In order to protect local businesses by ridding their outdoor environments of congregating homeless people, the city of Berkeley is considering expanding its outdoor smoking ordinance and using that law to keep the homeless off the streets in its retail districts.
According to an article in the Berkeley Daily Planet, Mayor Tom Bates is attempting to get the homeless off the streets, and he's doing it in part by proposing a new law that would ban sitting on the street for a prolonged period of time and in part by proposing to expand the existing ban on smoking outside of buildings by extending the smoke-free boundary from 20 to 25 feet and enforcing that law against homeless persons who might not be able to be approached by police for any other legitimate reason.
These changes are part of a broader proposal by the mayor - entitled "Public Commons for Everyone." While the proposal apparently calls for increased services for homeless persons hanging out on the streets in front of Berkeley's crowded retail district in the area south of its UC campus, it has been criticized by advocates for the poor and the homeless who say the proposed ordinance could be misused, may violate people's civil rights, and fails to address the underlying reasons for the widespread homelessness problem in Berkeley, including the lack of affordable housing.
According to the article: "Dan McMullan of Disabled People Outside, told the Daily Planet he feared that even something as popular as a no-smoking ordinance could be misused. Storeowners who come outside to smoke won’t get cited, but homeless people will, McMullan said. ... Speaking to the committee on behalf of the Berkeley Community Coalition, which mostly represents service providers, boona cheema, executive director of Building Opportunities for Self-Sufficiency, called on the mayor and city manager to meet directly with homeless people to have 'open and honest dialogue as to the total purpose of the Public Commons for Everyone initiative and with their input find ways to influence street behavior without creating new laws.' ...

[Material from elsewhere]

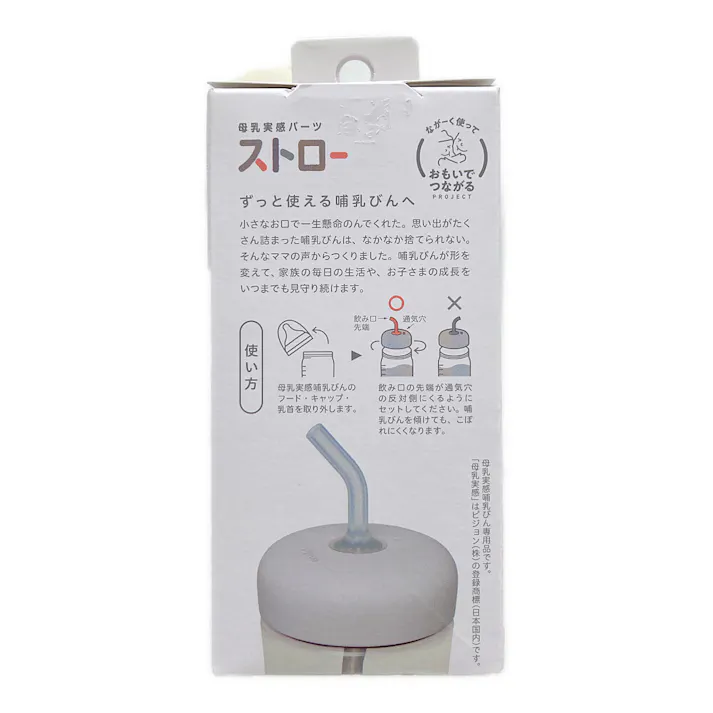 ピジョン 母乳実感パーツ ストロー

"'The religious community says ‘love thy neighbor as thyself.’ I feel this is the antithesis,' said Sally Hindman, a member of the coalition and director of Young Aspirations, Young Artists (YAYA). The mayor has said in previous meetings that this initiative is important to force 'service-resistant' people into getting services. But Hindman, who describes herself as a strong supporter of Mayor Tom Bates said, 'It’s not right to talk about service-resistant people when there are not enough services.' What needs to happen is that the community should support adequate services for those in need, including building adequate housing, she said.”
See San Francisco Chronicle commentary by Matier & Ross here.
See The Daily Californian article here.
See Oakland Tribune article here.
See Jacob Sullum's commentary on Reason Online here.
The Rest of the Story
How ironic that the proposal is called "Public Commons for Everyone." For everyone but homeless smokers. After all, they have two slams against them. As if it isn't bad enough that they are discriminated against because they are homeless, now they will be additionally discriminated against by virtue of the fact that they smoke.
Apparently, a 20-foot border zone around store entrances isn't big enough to allow police to harass the homeless. They need an extra 5 feet to get fully rid of these undesirables.
One thing is clear. This isn't about health. It's about economics. The expansion of the no-smoking zone around public buildings is not being considered because it is needed to protect the health of nonsmokers; it is being proposed because it will help the city to get rid of the presence of homeless people around stores on Telegraph and Shattuck, and therefore to appease business owners and help protect profits of these stores. It's clearly about money and not health.
Apparently, there doesn't appear to be much opposition on the City Council to the expansion of the outdoor non-smoking areas. If I still lived in Berkeley, I would be vehemently opposing the proposal. I would hope that local anti-smoking groups would express their opposition; I doubt they will, however.
Sally Hindman is exactly right. If you want to get rid of the homeless, then build adequate affordable housing. Provide adequate services and social support, including substance abuse and mental health services. Harassing these individuals, criminalizing them, and changing the law specifically to take away their civil liberties is not going to solve the problem, although it may well be successful in protecting local businesses.
I worked with the homeless in Berkeley for two years, so I am quite familiar with this population and the "problem" of homeless persons hanging out on the streets in the downtown area. What I can say from my own experience is that the services for this population were hideously inadequate. Basic social services were unavailable, and there was a concerted effort on the part of the County to try to deny these people services in order to protect the County budget. To now take it out on that very population which was systematically denied services which helped to keep them without shelter and in poverty is despicable.